One pooled analysis of convenience samples from patients at 8 clinical centers reported that patients diagnosed with EIN were 45 times more likely than patients diagnosed with a benign endometrium to progress to carcinoma (16). When the investigators classified participants under the WHO system, patients diagnosed with AH were only 7 times more likely than patients with non-atypical EH to progress (16). Such convenience series typically suffer from selection bias, losses-to-follow-up, suboptimal statistics, and incomplete statistical adjustment for other potential progression factors. We therefore tested whether EIN assigned by microscopic assessment was associated with subsequent risk of endometrial carcinoma in a rigorous epidemiologic study with masked pathology reviews and statistical analyses that accounted for treatment, clinical factors, and follow-up time.

METHODS

We previously described our study design (Lacey et al., submitted) and methods (7).

Study participants

Participants were members of the Kaiser Permanente Northwest (KPNW) prepaid health plan (17) who were originally diagnosed with incident EH at KPNW between 1970 and 2002 and were then diagnosed with endometrial carcinoma at least one year later. Women who were diagnosed with endometrial carcinoma less than one year after their EH diagnosis were considered to have had prevalent carcinoma at presentation and were excluded.

We retrieved original pathology reports and diagnostic slides for all endometrial procedures, including hysterectomy. In consultation with the KPNW Department of Pathology, we translated EH terminology used before 1995 (5) into WHO nomenclature as needed (e.g., “mild” to SH, “moderate” or “adenomatous” to CH, and “severe” to AH). One pathologist (MES) reviewed all slides, assigned a WHO diagnosis, and chose a single representative slide from each accession. Two experienced pathologists (BMR and OBI) then independently reviewed the selected slides and assigned a WHO diagnosis to each specimen. We combined the three pathologists’ data to assign a single, pathology panel WHO diagnosis based on a standard algorithm of an exact match between at least two of the three reviewers (7). When all three reviewers’ classifications differed, the first reviewer’s (MES’s) classification became the panel WHO diagnosis. For analysis, diagnostic categories were negative (i.e., normal), disordered proliferative endometrium (DPEM; which represents equivocal EH (1;5;18)), SH, CH, AH (almost all of which were CAH), and carcinoma.

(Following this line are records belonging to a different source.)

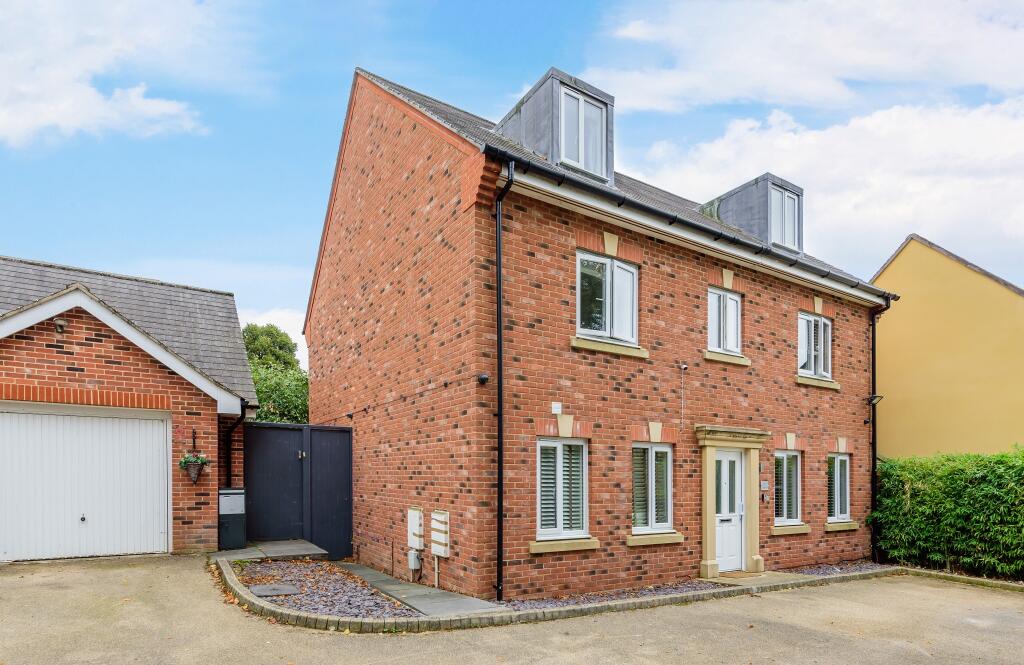 Main image of property: Mustard Way, Andover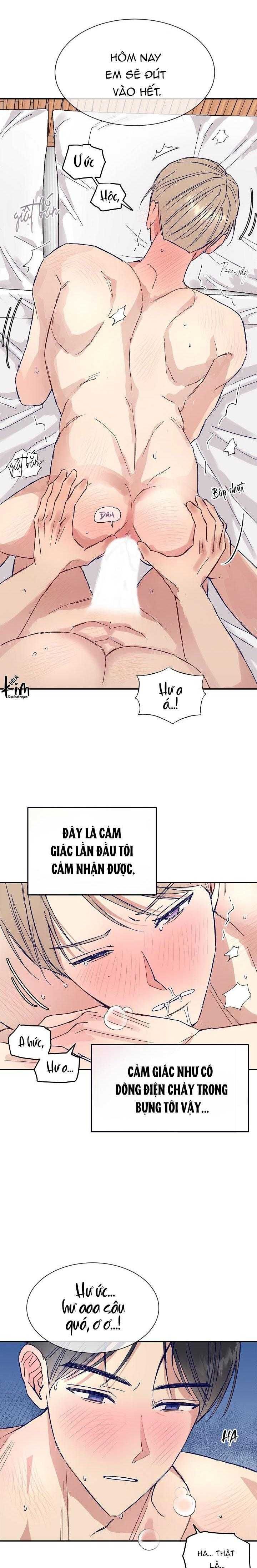 đọc truyện Bl Ngắn Tuyển Chọn Chương 20.4 ảnh 8 tại Giả Dược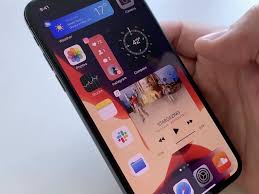 Ios Widgets For Iphone Interaction Ios 14 Ios Widgets Ios14 Iphone Widget Iphone Widget New Ios Iphone Design Iphone App Layout Iphone Organization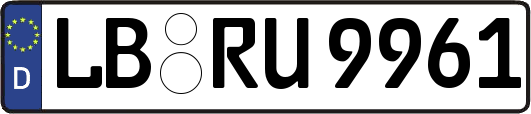 LB-RU9961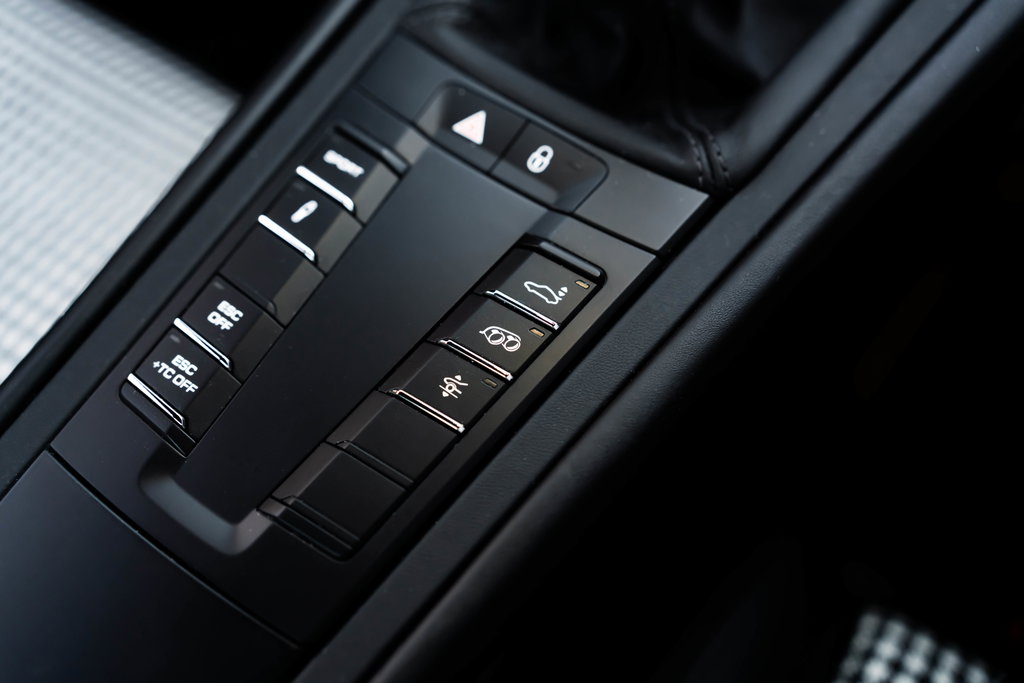 Porsche 991.2 GT3 Touring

For simplicity, we hereafter refer to the participants’ first diagnosis of EH as their index biopsy; to the original KPNW diagnoses of the endometrial biopsy specimens as the community WHO diagnoses; and to the pathology panel diagnoses of the selected slides as the panel WHO diagnoses.

We originally identified 229 potential cases based on their community WHO diagnoses: 188 women who had EH and then carcinoma, plus another 41 women who had EH and then received a community diagnosis of CAH at hysterectomy. After reviewing the original pathology reports, we excluded 15 potential cases who were miscoded as EH or carcinoma. We then excluded the 76 potential cases who had a panel WHO diagnosis of negative (N=55) or carcinoma (N=13) or whose slides were unavailable for review (N=8). This left 138 eligible cases who had a panel WHO diagnoses of DPEM (N=33), SH (N=42), CH (N=21), or AH (N=42).

Controls

We selected controls by first individually matching controls to cases on age at EH, date of EH, and length of follow-up, and then counter-matching controls to cases on the severity of the community WHO diagnosis of EH (i.e., SH, CH, or AH). We identified all women at KPNW who had incident EH at the same age (+/− 1 year) and the same date (+/− 1 year) as the cases but who did not progress to carcinoma and remained at-risk (i.e., remained alive with no hysterectomy or diagnosis of uterine cancer) for an interval at least as long as the progression interval of that case. We identified, on average, 43 potential controls for each case.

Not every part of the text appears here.